Is there a way to reset a std::variant from a known alternative?

Question

I'm in the process of updating a codebase that is currently using a custom equivalent of std::variant to C++17 .

In certain parts of the code, the variant is being reset from a known alternative, so the class provides a method that asserts that index() is at a current value, but still directly invokes the proper destructor unconditionally.

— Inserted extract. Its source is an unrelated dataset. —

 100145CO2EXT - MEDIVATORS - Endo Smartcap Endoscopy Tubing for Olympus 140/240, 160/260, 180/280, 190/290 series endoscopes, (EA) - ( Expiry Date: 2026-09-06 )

This is used in some tight inner loops, and has (measured) non-trivial performance impact. That's because it allows the compiler to eliminate the entire destruction when the alternative in question is a trivially destructible type.

At face value, it seems to me that I can't achieve this with the current std::variant<> implementation in the STL, but I'm hoping that I'm wrong.

Is there a way to accomplish this that I'm not seeing, or am I out of luck?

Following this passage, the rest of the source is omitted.